OnealWoodworking said:


> Because you planed those pieces in the wrong direction... Cherry will do that as well depending on the grain and how 'figured' it is.
> 
> It also has to do with the cutting angle on your planer and the particular wood you fed through it. (not all wood is going to give the same results at the same cutting angle)
> 
> ...


Thank you for the info. Most of my projects so far have been out of Poplar and Red Oak, I guess those are more forgiving through the planer, never had any issues with either of those. 

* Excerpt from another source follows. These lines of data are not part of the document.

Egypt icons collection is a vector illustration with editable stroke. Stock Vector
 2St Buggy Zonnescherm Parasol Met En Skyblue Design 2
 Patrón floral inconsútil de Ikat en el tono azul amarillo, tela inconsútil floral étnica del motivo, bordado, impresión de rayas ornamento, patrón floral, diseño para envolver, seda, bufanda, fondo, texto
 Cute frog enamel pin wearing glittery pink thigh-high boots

I hear what you're saying about finding the angle, the only bummer is that my piece is about 11" wide and I have 12" Delta planer, so there's really no getting any angle on it. I need to take another 16th off or so, hopefully i can get through it without too much chip out. I think i'll be able to sand out most of what happened already, but it's borderline.


----------



## MD56 (Jun 17, 2015)

Update on the project... just need to figure out a finish and add some grip.


----------



## Tim G (May 10, 2012)

Wow!!!
Looks great. A finish is really going to make it all stand out.


----------



## Tim G (May 10, 2012)

Also. Love the look of the tail piece. 

I responded to your P M. But not sure if it went through because this app is not showing any sign of my response. Let me know if you didn't get it.


----------



## MD56 (Jun 17, 2015)

Tim G said:


> Also. Love the look of the tail piece.
> 
> I responded to your P M. But not sure if it went through because this app is not showing any sign of my response. Let me know if you didn't get it.


Got it and responded, thank you!

Yea it's about as basic of a project as you can do, but the tail-block makes it a little more special i think. I'm a surfer also so it really gives it's a vintage longboard surf look also.


----------



## jmohring (Feb 5, 2017)

*Fiberglass delamination*

I recently made a longboard out of multiple hardwoods. It is 36" long. It consists of two 1/4" outer layers made from cherry, oak, walnut, and maple and a 1/8" inner walnut layer. There is also fiberglass between the 3 layers. So the order is wood, glass, wood, glass, wood. I also added some slight camber to the board by making what is called a "ghetto press" in the longboard community. Basically I just put a heavy toolbox on it while the resin cured. Everything was going fine, until i used a bad batch of polyurethane varnish that took a week to dry. When it was finally dry i noticed one of the layers had delaminated. I've been told that it's because I used polyester resin instead of epoxy. I've also been given a suggestion for how to fix it, "For your current board I would mix some epoxy in a cut and try to pour it into the layers. Then clamp then overnight. The next day glass the whole board. It takes a while to completely deal the board. Make sure to do multiple coats." I'm hoping someone can give me better advice, because I'm not sure this will be a permanent fix.

Top









Bottom









Delam


----------



## Steve Neul (Sep 2, 2011)

Fiberglass are epoxy and even polyurethane are very hard products. It will have difficulty with the flexing of the wood used for a skate board. What you need for a finish is a marine grade spar varnish. It's formulated for wood that flexes. It was originally developed in the days of tall ships. They had problems with plain varnish flaking and pealing off the masts of ships do to all the bending they do.


----------



## GeneT (Feb 24, 2014)

Sweet!!!!


----------